Why SOPS Is Losing Me

You know, I was really trying to keep an open mind about the Support Our Public Schools campaign to make DISD a “home rule” district.  (You can read my initial thoughts on the topic in this month’s Lakewood Advocate Magazine.)  I liked the idea of an open, honest, public conversation about the pros and cons of home rule, and who doesn’t love a good referendum?  I particularly liked the idea of creating self-regulated sub-districts within DISD, so East Dallas could have its own school district.

I even accepted the premise that Mayor Rawlings wanted to put control of our schools under the mayor, but that wasn’t a deal breaker for me because I frankly didn’t think he could pull that off.  A lot of cards would have to be stacked just right to make that happen, and I haven’t seen Rawlings exhibit the kind of political skills necessary to engineer something like that.  I wasn’t to the point that I would have signed their petition, but I was open to being persuaded, and at the very least, I figured we could have a healthy conversation about our schools.

But the mayor and other home rule supporters are making it awfully hard to like SOPS.  What with the lack of transparency about donors and supporters (and the asinine response of “We don’t have to tell the likes of you!”), to the cloudy motives behind the initiative, to what seems to be an anti-teacher, pro-charter school attitude, they’ve pretty much lost me.

One thought on “Why SOPS Is Losing Me

  1. Watching the phrases SOPS is trying to claim hit a new low point today when they put “Our Schools, Our Community” on a video they posted on their web site.
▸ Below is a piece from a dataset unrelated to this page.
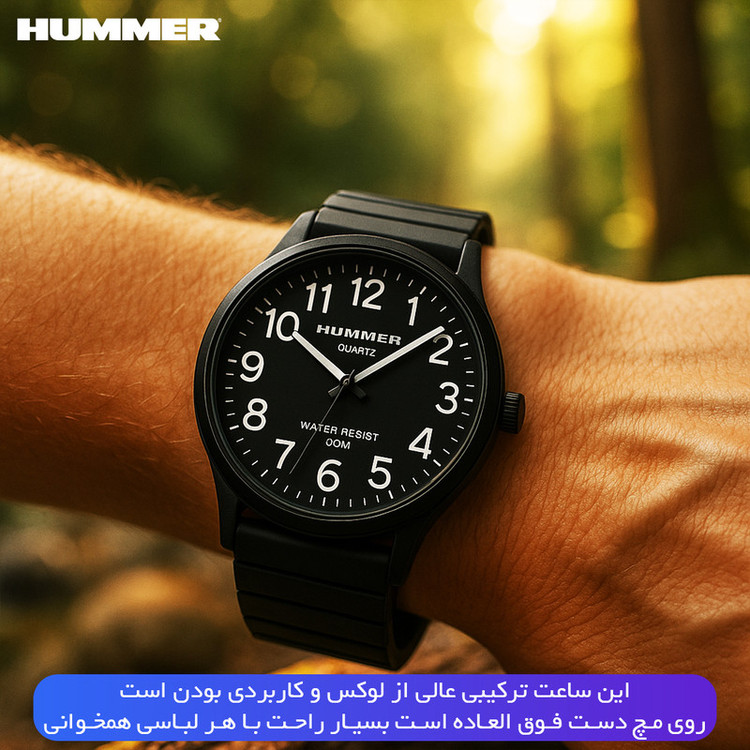 ساعت مچی عقربهای کوارتز مردانه هامر مدل 1100H-C4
They must have had a spy at a meeting of those fighting “home rule” the day before. That group had voted to adopt the reverse of that name: “Our Community, Our Schools.”

    SOPS is neither made up of, nor funded by, a majority of people who live in our communities sending students to DISD.
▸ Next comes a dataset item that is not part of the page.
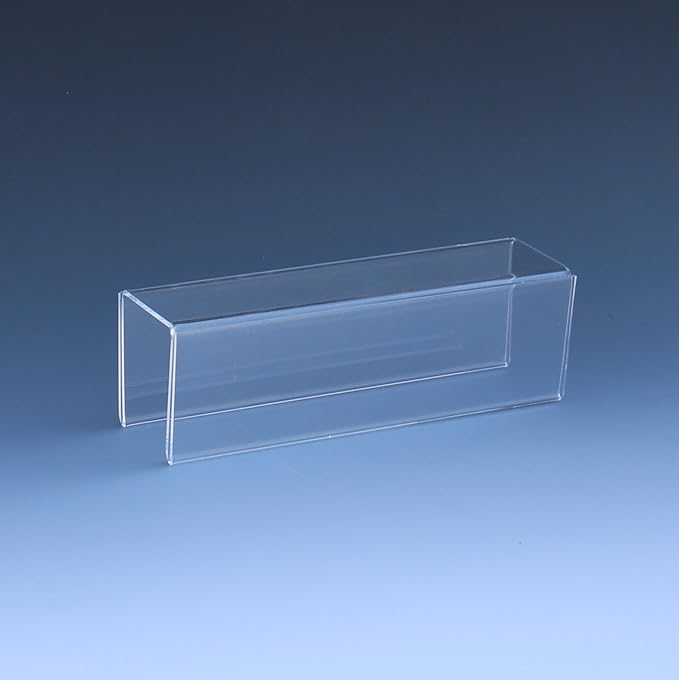 8-1/2" x 2" Double-Sided Cubicle Name Plate Holders 8-1/2" Wide x 2" high x 2" deep Hook - PNH2085020020 (40 Pack) by Plastic Products Mfg.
    Those fighting the so-called “home rule” are overwhelmingly Dallas residents intimately involved with DISD schools.

    You touched on many of our concerns. Those concerns are growing and expanding as time passes. Apathy is the greatest barrier to excellent schools! The best mechanism for the public to control our schools is already in place, but I agree it must be improved! We must rid DISD districts of the gerrymandering that confuses voters and lessens turnout. It also lessens the number of community leaders willing to step forward to run for trustee positions.

    We also need to be able to recall trustees who suddenly engage in behaviors that are not acceptable, and should move all school board elections to November. All this can be done without any “home rule” Trojan Horse danger being necessary.

    Just attend school board meetings and speak up! Apathy remains the biggest factor stopping our schools from improving.